My biggest problem with the movie is that it felt rushed overall. The viewers don’t get to see many of the main elements from the original movie being played out. I believe part of the reason is because the songs took up most of that time. A turning point in the original film is when Cady Heron ditches her friends Janis Ian and Damian Hubbard to spend more time with “the plastics,” thus initiating her transition from new girl to mean girl. In this version, it seemed like we saw her more with Janis and Damian trying to sabotage the plastics, instead of transforming into one. All of this was also playing out during one song.

After watching a movie, I like to watch interviews from the cast. One of the interviews I watched proved the fact that it was rushed by saying production only took a month.

The casting in this movie was hit or miss. It was nice to see some returning actors to their roles. For example, Tina Fey and Tim Meadows reprised their respective roles of Mrs. Norbury and Mr. Duvall from the 2004 film. In addition, Renee Rapp reprised the role of Regina George, which she played on Broadway from 2019-2020 and her performance was strong. There were also some fun cameos that I won’t spoil.

However, I don’t think the casting for Cady Heron and Aaron Samuels, who are supposed to be interested in each other, was the best. Heron is played by Angourie Rice and Samuels by Christopher Briney. Though I like them as actors in other roles I’ve seen them in, this was not their best work. They never really had chemistry with each other and their characters didn’t interact as much as in the original film. This makes it harder for the audience to root for their relationship. Rice also has a few numbers where she sings including two solos. I don’t think her vocal performance was strong enough for a musical role.

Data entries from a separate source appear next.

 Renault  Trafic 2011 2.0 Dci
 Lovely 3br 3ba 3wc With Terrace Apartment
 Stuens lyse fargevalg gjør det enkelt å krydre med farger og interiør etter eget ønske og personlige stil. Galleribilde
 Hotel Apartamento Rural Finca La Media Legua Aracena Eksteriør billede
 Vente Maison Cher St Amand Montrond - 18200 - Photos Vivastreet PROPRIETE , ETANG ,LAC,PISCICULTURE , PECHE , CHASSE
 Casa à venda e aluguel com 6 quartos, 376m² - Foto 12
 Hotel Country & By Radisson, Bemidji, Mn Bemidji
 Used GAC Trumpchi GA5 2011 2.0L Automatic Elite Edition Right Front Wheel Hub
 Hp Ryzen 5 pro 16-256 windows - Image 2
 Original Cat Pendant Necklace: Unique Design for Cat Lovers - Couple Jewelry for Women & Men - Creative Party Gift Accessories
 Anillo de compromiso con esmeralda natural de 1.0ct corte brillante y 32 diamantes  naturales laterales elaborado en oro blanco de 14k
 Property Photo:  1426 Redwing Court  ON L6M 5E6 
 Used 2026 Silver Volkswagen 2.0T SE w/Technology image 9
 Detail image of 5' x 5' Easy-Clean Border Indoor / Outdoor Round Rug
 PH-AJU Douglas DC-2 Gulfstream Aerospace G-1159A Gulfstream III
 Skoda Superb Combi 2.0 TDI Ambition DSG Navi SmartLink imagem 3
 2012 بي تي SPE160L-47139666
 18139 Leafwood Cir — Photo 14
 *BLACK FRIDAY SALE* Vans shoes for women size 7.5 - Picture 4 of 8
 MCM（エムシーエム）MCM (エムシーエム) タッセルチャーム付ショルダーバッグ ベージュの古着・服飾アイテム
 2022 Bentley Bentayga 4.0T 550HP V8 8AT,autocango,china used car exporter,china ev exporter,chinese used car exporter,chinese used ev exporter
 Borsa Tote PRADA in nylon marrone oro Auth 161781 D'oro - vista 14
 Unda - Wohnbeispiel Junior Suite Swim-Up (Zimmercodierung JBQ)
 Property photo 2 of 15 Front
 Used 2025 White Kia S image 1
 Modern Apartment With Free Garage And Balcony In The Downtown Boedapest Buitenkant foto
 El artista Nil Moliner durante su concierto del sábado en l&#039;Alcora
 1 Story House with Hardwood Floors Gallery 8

I think the musical element served the film nicely, but the way they were presented and performed also had its pros and cons. As I mentioned, the songs did tend to slow down the plot and flow of the film at times. While I feel like all these songs are necessary, most of the scenes featuring these songs had the characters singing in the same spot and not really moving the storyline along. Because of this, my favorite songs both sung and performed were in the second half: two songs Regina sings and one Janis, played by Auli’i Cravalho, sings.

Considering this movie was made 20 years after the original, it added a few more modern elements to appeal to its crowd and fit with the times. For example, there was much more LGBTQ representation. This is where I believe the original was ahead of its time in making Damian a gay character and accusing Janis of being lesbian. This version changed the story behind Regina and Janis while actually making Janis lesbian as well. There were also more additions of social media since that wasn’t as big in the early 2000s. I think social media worked well for the trends set and spreading of the Burn Book. But in some scenes, it was too much of a sensory overload.

One of the elements this film took out from the original was the iconic three-way calling. Since the movie already incorporated modern elements, in my opinion, this was a missed opportunity to include a FaceTime call between them instead.

Despite all these comments, I really enjoyed watching the movie and would overall recommend it. It was a fun movie with good songs and a classic plot. The experience was especially enhanced in the theater with good friends. Overall it was great.